TBILISI -- NATO Secretary-General Anders Fogh Rasmussen says the "rule of law" should be applied in legal proceedings against Georgian political figures.
It’s the second time this week that Rasmussen has mentioned the investigations launched against Georgia's former Interior Minister Bacho Akhalaia (who was defense minister at the time the alleged action took place), armed forces Chief of Joint Staff Giorgi Kalandadze, and Georgian Army brigade commander Zurab Shamatava.
The three were arrested last week and charged with abuse of office.
All three worked under President Mikheil Saakashvili.
The NATO secretary-general addressed the issue at a news conference in Brussels on November 14 with visiting Georgian Prime Minister Bidzina Ivanishvili.
"I am concerned [that] if these trials are perceived to be politically motivated, that could be damaging for the image of the country and the government," Rasmussen said. "Even if it's not true. That's my concern."
On November 12, Rasmussen discussed his concerns during a meeting in Prague of NATO's Parliamentary Assembly, saying that the alliance would "follow that development very, very closely."
Earlier, on November 9, a Georgian court released Kalandadze and Shamatava on bail, but left Akhalaia in pretrial detention.
Akhalaia was ordered to remain in custody for two months.
Three days later, Georgia's prosecutor-general lodged new charges against Akhalaia and Kalandadze.
Akhalaia was charged with the torture and illegal incarceration of soldiers and Kalandadze was charged with abuse of power in a second incident.
According to the Prosecutor-General’s Office, Akhalaia personally ordered several soldiers to be locked in a military bathhouse without beds, heating, and food for three nights in February 2010.
Investigators say Kalandadze was aware of the order but did nothing about it.
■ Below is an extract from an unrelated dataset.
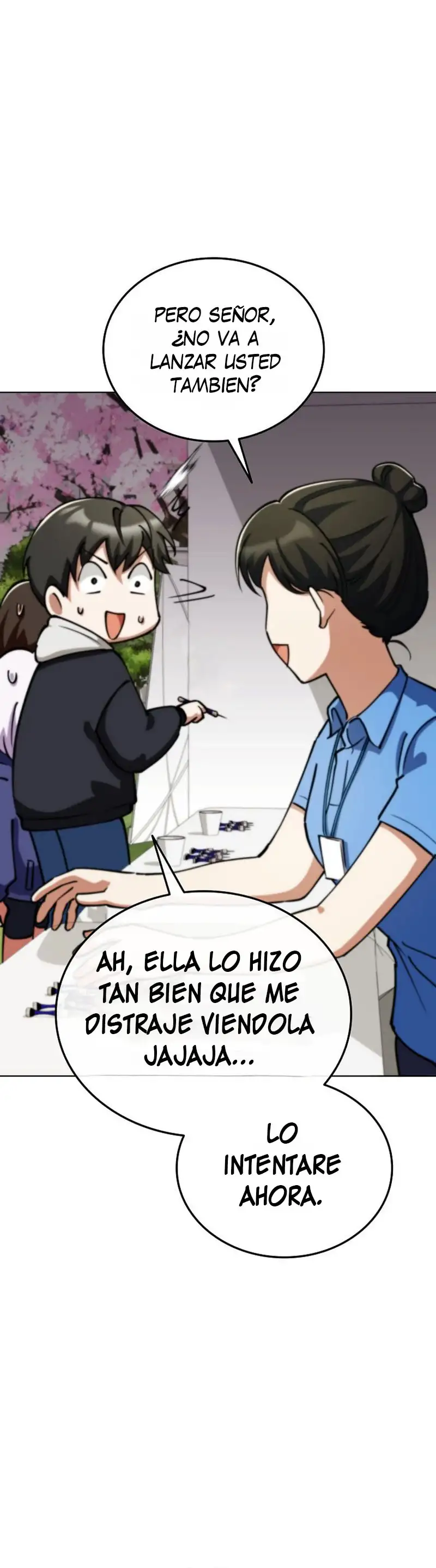 Me converti en el villano con el que la heroina esta obsesionada - Capítulo 10 - Página 32 - LectorTMOo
On November 14, several dozen members of President Mikheil Saakashvili's United National Movement party picketed a maximum security jail in Tbilisi to protest Akhalaia's transfer there from a pretrial detention center.
Cooperation 'Vital' For Georgia
Saakashvili's party lost its majority in parliament after its election defeat last month by Ivanishvili's Georgian Dream coalition.
Rasmussen called on both the president and prime minister to cooperate with each other.
"The true test of democracy is the ability of different actors to work together for the good of the country," he said. "As I told President Saakashvili on November 12, I strongly urge both of you, prime minister, to cooperate and make cohabitation work in full respect for the constitution in the months to come. This is vital for the Georgian people and for Georgia's future."
Ivanishvili told Rasmussen that Georgia would continue its full cooperation with NATO, including in Afghanistan, where about 1,000 Georgian soldiers are stationed.
The prime minister added that the trials of military officials in Georgia will be transparent and will be conducted in accordance with all legal norms.
He added that "Georgia's previous government will continue its attempts to present the ongoing investigations as politically motivated, but that will be hard to do."
Ivanishvili's trip to Brussels -- less than two weeks after taking office – is widely seen as a signal to the West that ties with NATO and Europe, rather than Russia, remain Georgia's top priority.
The 56-year-old billionaire businessman made most of his fortune in Russia. He has promised to improve relations with Moscow, which were damaged in 2008 after a brief war between the two countries.